Yes please, do start a thread. I don't know that it matters, but right here in the Lounge would work, or the Garage is appropriate as well going by the description in the index.
Speaking for myself, I'd love to see the entire project.
Posilutely!!!! This is a terrific piece of engineering - very impressive. Can’t wait to hear it run!!
I also really liked that Quadrent build - imagine if the Brits had evolved their traditional twins in the late 1960s (as they certainly should have) and used the key technologies to actually build something like that for production.

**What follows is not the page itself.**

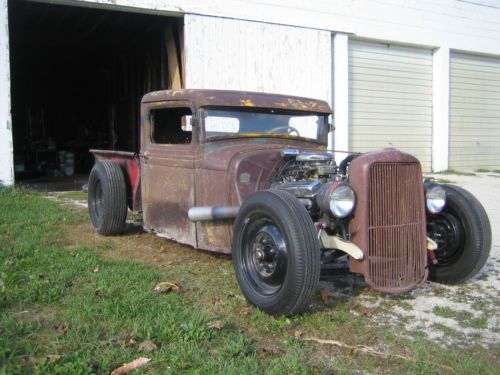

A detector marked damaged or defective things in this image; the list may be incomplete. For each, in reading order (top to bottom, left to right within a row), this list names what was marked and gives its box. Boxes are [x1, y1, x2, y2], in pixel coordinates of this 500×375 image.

rusty patina body [92, 88, 332, 253]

If they could have contained costs and made it reliable and leak-free, they could have given the Z1 and big CBs some real competition. Ahh well.

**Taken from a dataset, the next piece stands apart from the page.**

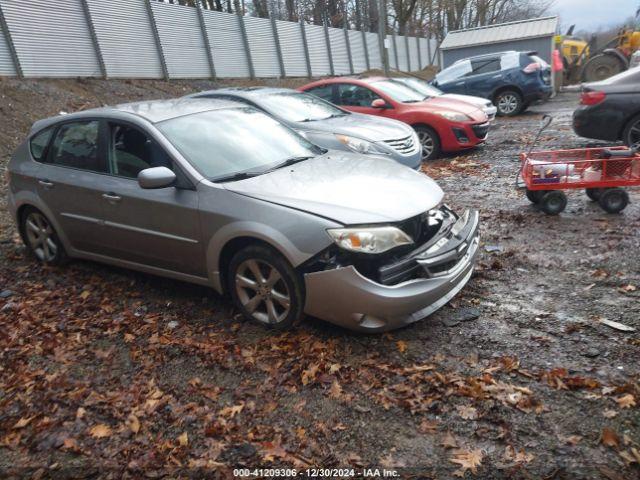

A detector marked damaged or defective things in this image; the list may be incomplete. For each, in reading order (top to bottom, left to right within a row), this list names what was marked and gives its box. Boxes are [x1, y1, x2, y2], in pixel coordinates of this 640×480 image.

damaged front end [302, 204, 478, 332]
crushed front bumper [302, 208, 478, 332]
detached bumper cover [304, 212, 480, 332]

Further to the two stroke story: in a recent classic bike magazine, there was a fascinating article about a guy who builds multi-cylinder ring-dings out of Kawasaki triple engine components. If I recall, he has done several 4s, and 5s and even a six and (I think) a seven cylinder bike. I can’t remember if the article said much about the ignition systems or sealing arrangements, but the bikes looked to be well sorted out with nice exhaust systems etc. and were said to be rideable (albeit with rather limited ground clearance for cornering).
When I was a boy, I worked in a MC shop around the time I got into bikes and one of the older guys had an Ariel Square Four (1950s era British touring bike - 1000 cc air-cooled vertical four cylinder engine with two crankshafts geared together - sort of like a Suzuki RG500 racer). The big Ariel ran and rode extremely nicely and I was very taken with it. You still see them at vintage MC rallies and they have a dedicated following. Terry Wolfe in London ON (the same chap RobinC is working with on his ‘78e rebuild) works on Ariel engines.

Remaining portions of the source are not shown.